With the removal of the above paragraph, all NCERT social science textbooks for Classes 6 to 12 have been purged of all references to the Gujarat riots.

The Council had officially announced deletion of two references to the Gujarat riots from the last chapter of the Class 12 political science textbook titled ‘Politics in India Since Independence and the Class 12 sociology textbook ‘Indian Society’ in its “list of rationalised content” released in June last year.

* In the first chapter of the Class 12 Political Science textbook ‘Politics in India since Independence’, NCERT has removed sentences on how Hindu extremists particularly disliked Mahatma Gandhi and had made several attempts to assassinate him. This was mentioned under the subheading ‘Mahatma Gandhi’s sacrifice’.

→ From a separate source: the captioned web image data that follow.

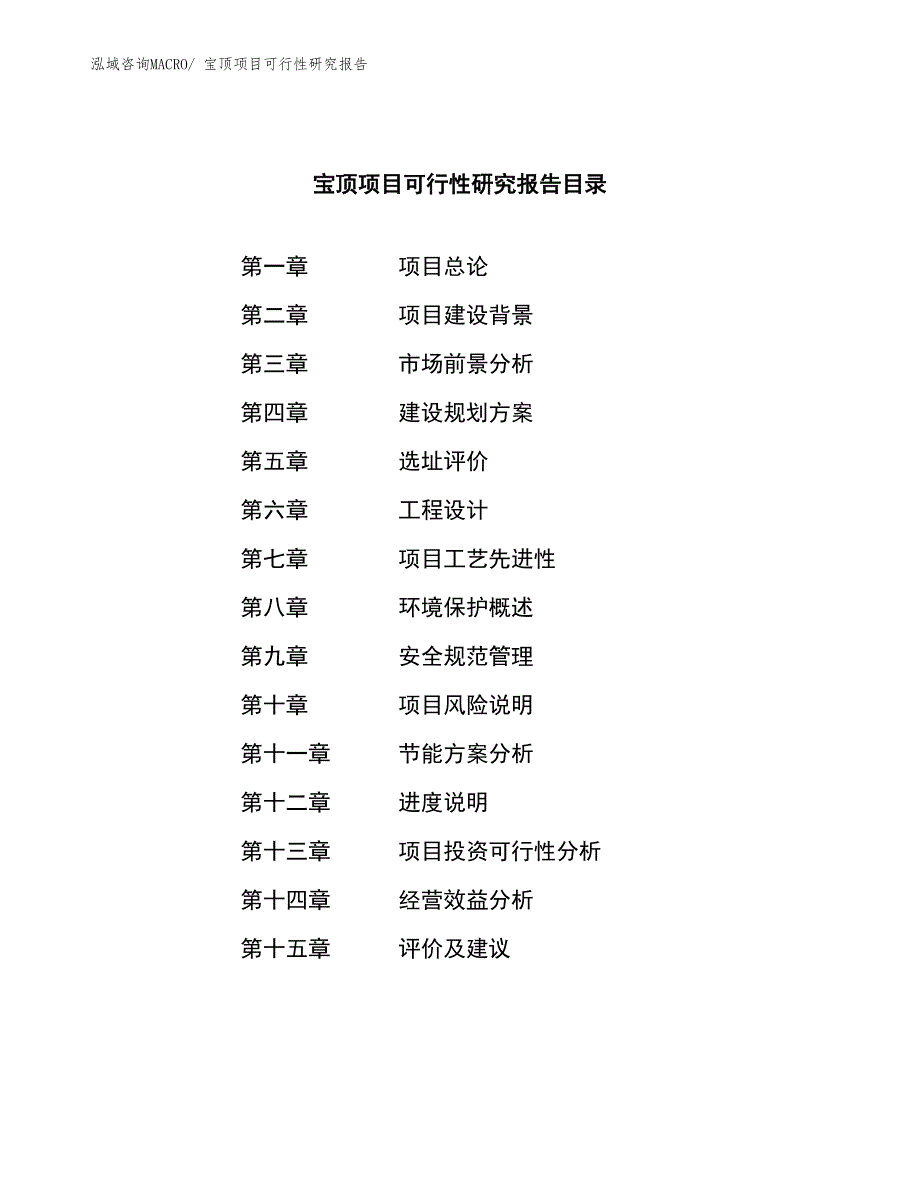 （模板）宝顶项目可行性研究报告_第3页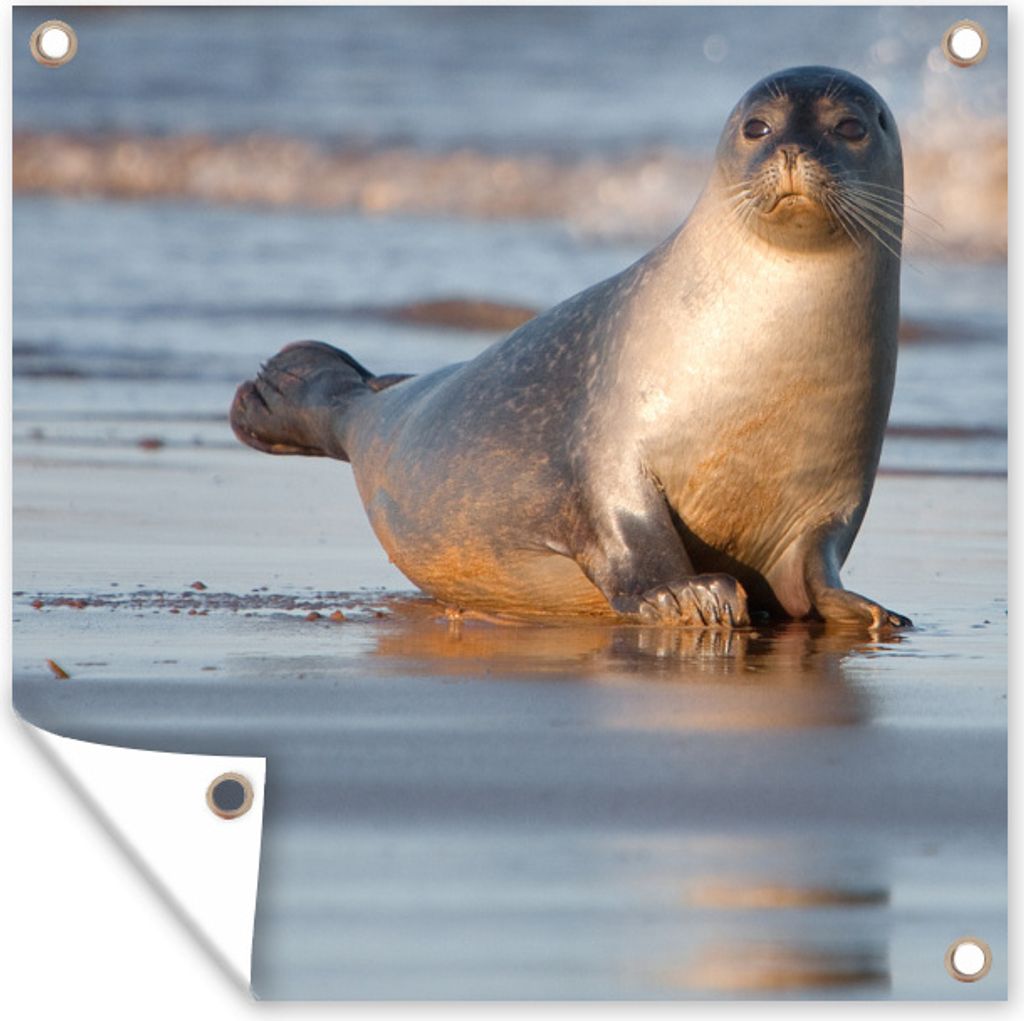 MuchoWow 50x50 cm Outdoor-Poster Gartendeko Sichtschutz Garten Poster für den Garten Robbe am Strand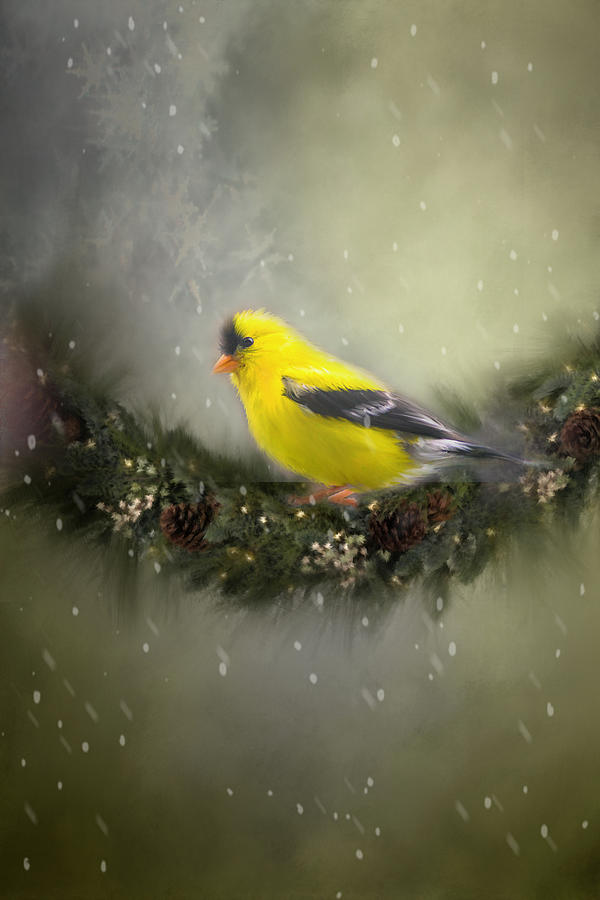 Flower Photograph - Christmas Finch by Mary Timman
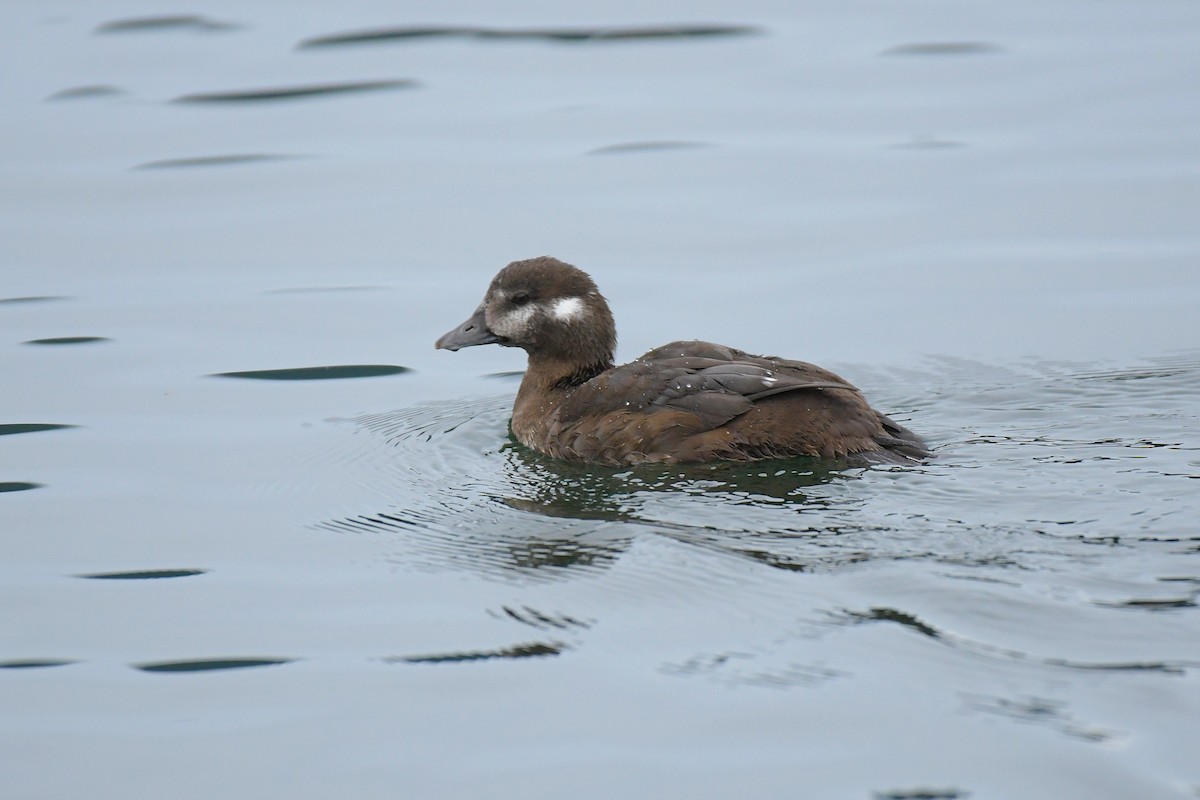 Harlequin Duck - ML644825968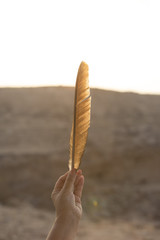 View of the sunset through the feather of a bird in the hand on the background of the Judean desert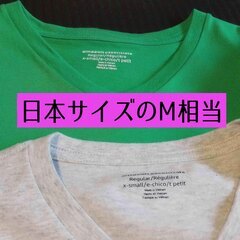 【連休セール】新品✨L＆Mサイズ Amazon Tシャツ 4枚まとめ売り レディース 無地 ピンク グレー グリーンの画像
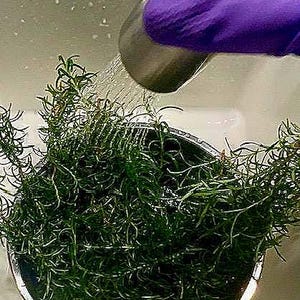 Puede incluir: Primer plano de un cuenco met&aacute;lico lleno de romero verde fresco que se riega. El agua fluye de un grifo plateado, creando gotas sobre el romero. El cuenco est&aacute; colocado en un fregadero blanco.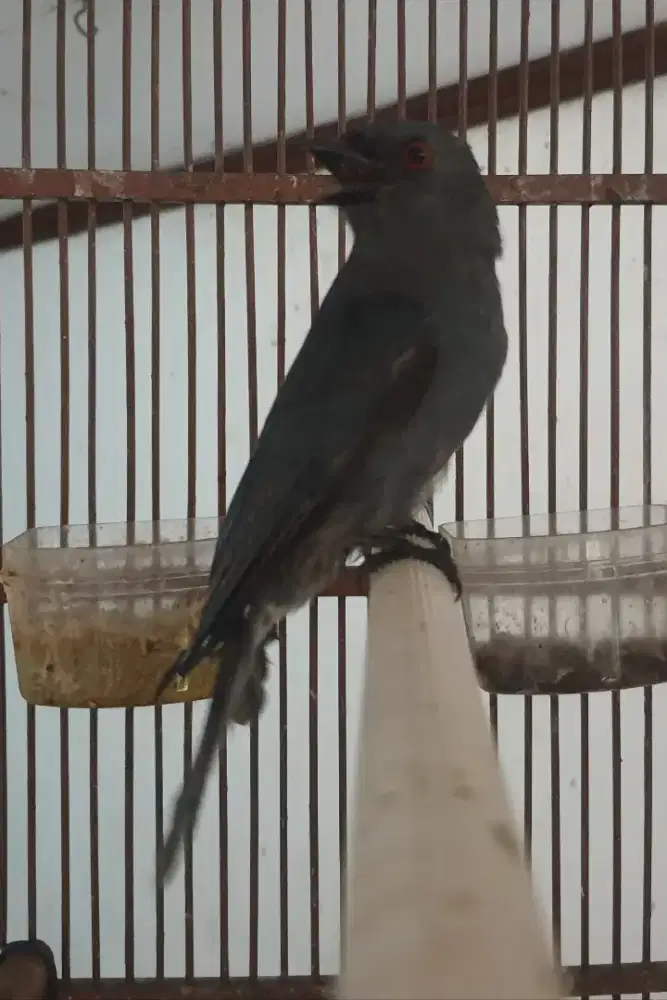 Sri gunting abu bahan tp rajin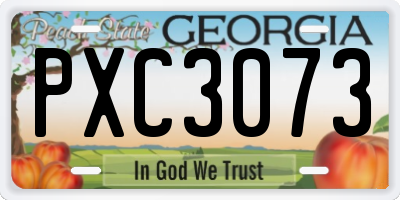 GA license plate PXC3073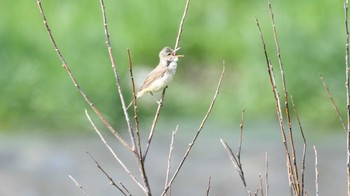 Wed, 5/22/2024 Birding report at 長野県南佐久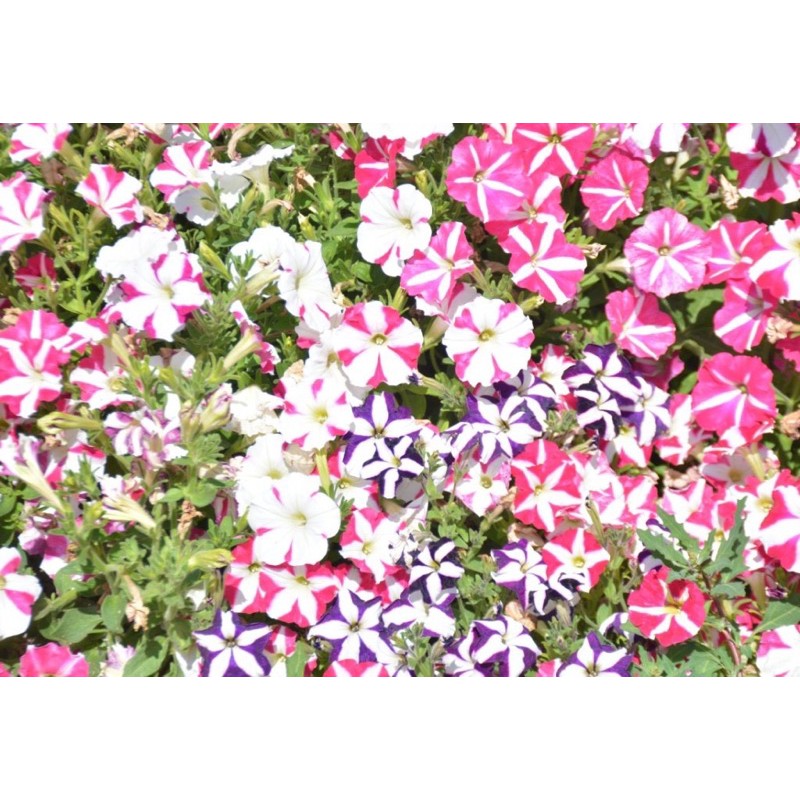 現貨矮牽牛花種子爬藤垂吊牽牛花種子矮牽牛花種子野花组合花籽易種喇叭花 蝦皮購物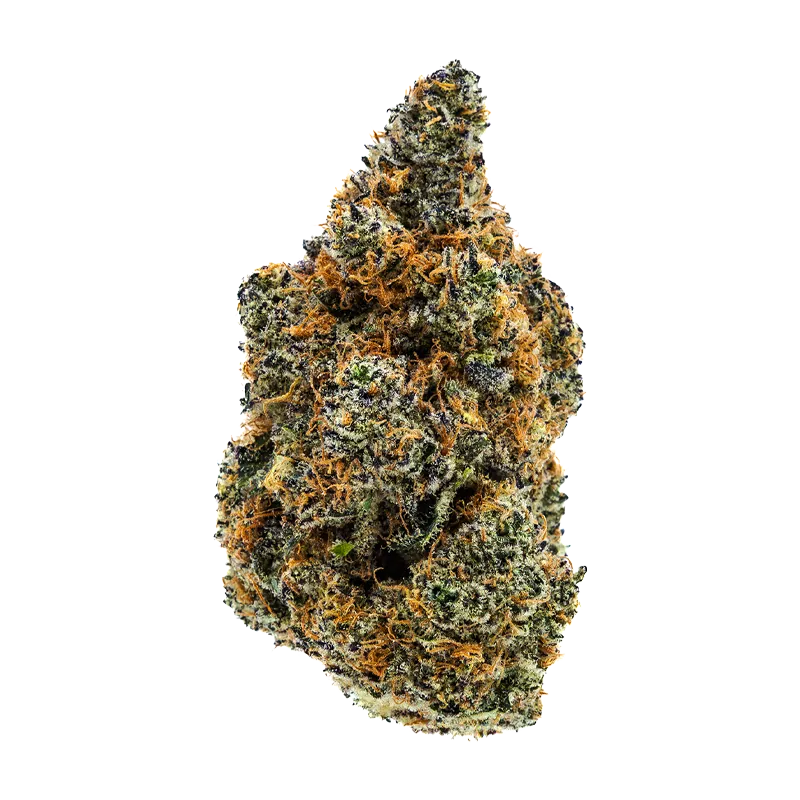 Close-up front view of the "Omakase" cannabis bud against a white background, showing dense green nugs, orange pistils, and frosty trichomes.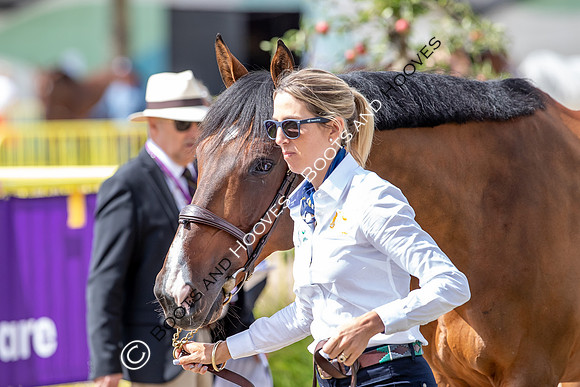The FEI World Championships Herning 2022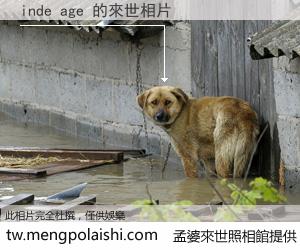 inde age 來世的未來相片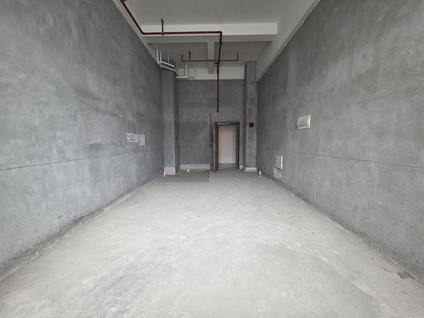 镇江宝龙城市广场1室1厅44平低楼层/共26层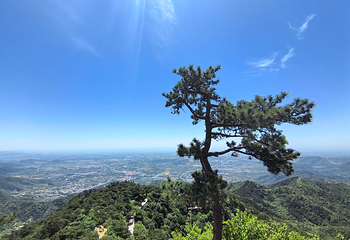 盘山第 36 张图片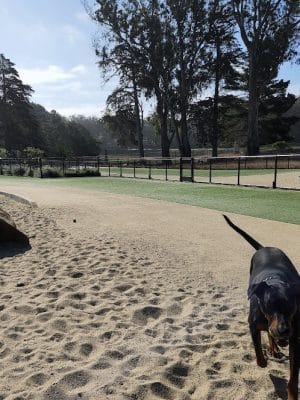 Golden Gate Park Dog Training Area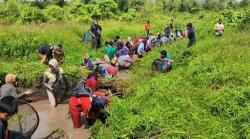 Serunya Nanggok, Tradisi Warga Bangka Berburu Ikan dan Udang di Sungai 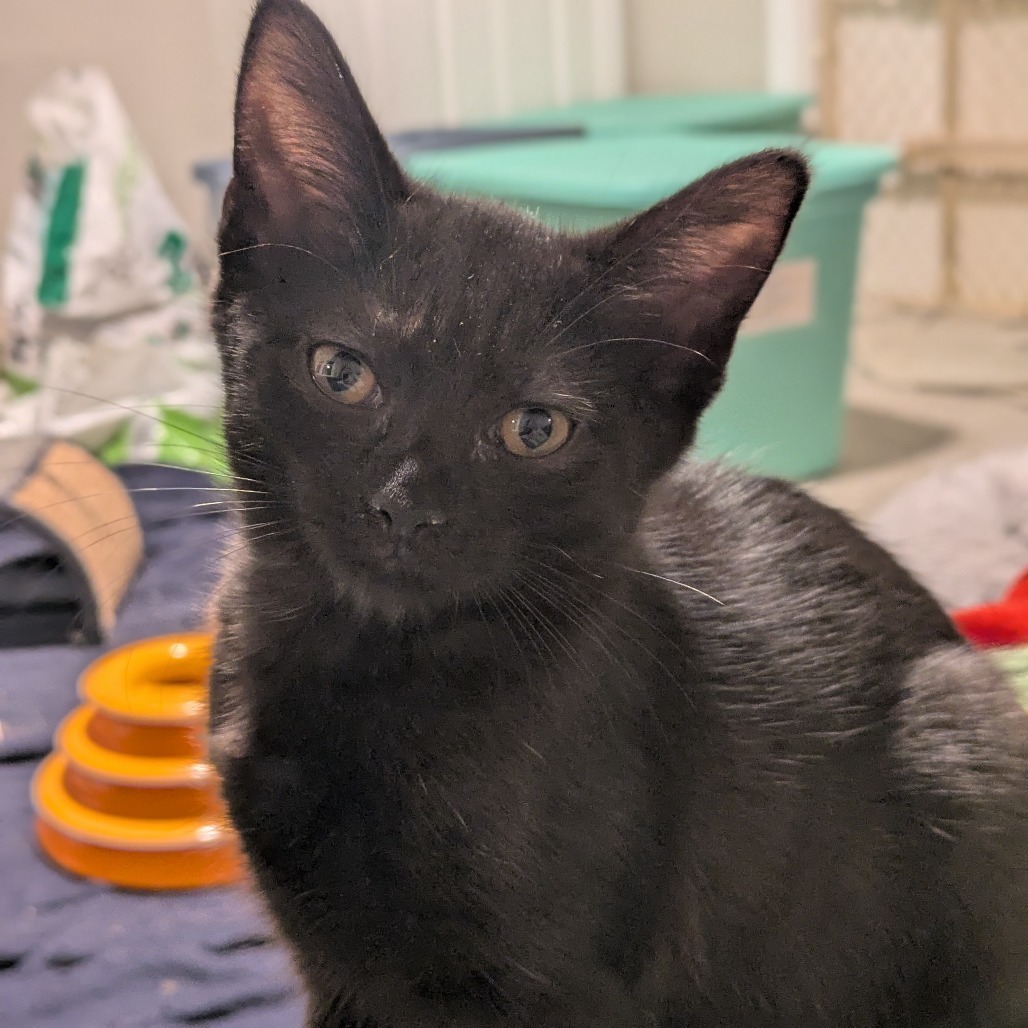Wilhelmina (Willie)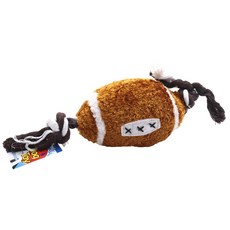 바람펫피트니스프로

“He (Gandhi) was particularly disliked by those who wanted Hindus to take revenge or who wanted India to become a country for the Hindus, just as Pakistan was for Muslims. They accused Gandhiji of acting in the interests of the Muslims and Pakistan. Gandhiji thought that these people were misguided. He was convinced that any attempt to make India into a country only for the Hindus would destroy India. His steadfast pursuit of Hindu-Muslim unity provoked Hindu extremists so much that they made several attempts to assassinate Gandhiji,” the deleted passage reads.

NCERT has also dropped the reference to the government’s ban on the Rashtriya Swayamsewak Sangh following Gandhi’s assassination.

Read |From Emergency to Gujarat riots, lessons of past deleted from textbooks of future

The deleted sentences read, “Gandhiji’s death had an almost magical effect on the communal situation in the country. Partition-related anger and violence suddenly subsided. The Government of India cracked down on organisations that were spreading communal hatred. Organisations like the Rashtriya Swayamsewak Sangh were banned for some time. Communal politics began to lose its appeal.”

However, the remaining content under the subheading ‘Mahatma Gandhi’s sacrifice’ mentions Gandhi’s visit to  on August 15, 1947, which was torn by Hindu-Muslim riots at that time and his subsequent efforts to persuade Hindus and Muslims to give up violence. It also briefly describes his assassination.

“Finally, on 30 January 1948, one such extremist, Nathuram Vinayak Godse, walked up to Gandhiji during his evening prayer in Delhi and fired three bullets at him, killing him instantly.”

* In the Class 12 History textbook titled ‘Themes In Indian History Part III’, the Council has dropped a “Brahmin” reference to Godse and that he was “the editor of an extremist Hindu newspaper”.

The paragraph pertaining to Gandhi’s assassination in the chapter titled “Mahatma Gandhi and the Nationalist Movement” earlier read: “At his daily prayer meeting on the evening of 30 January, Gandhiji was shot dead by a young man. The assassin who surrendered afterwards, was a Brahmin from Pune named Nathuram Godse, the the editor of an extremist Hindu newspaper who had denounced Gandhiji as ‘an appeaser of Muslims’.”

The revised paragraph now reads: “At his daily prayer meeting on the evening of 30 January, Gandhiji was shot dead by a young man. The assassin, who surrendered afterwards, was Nathuram Godse.”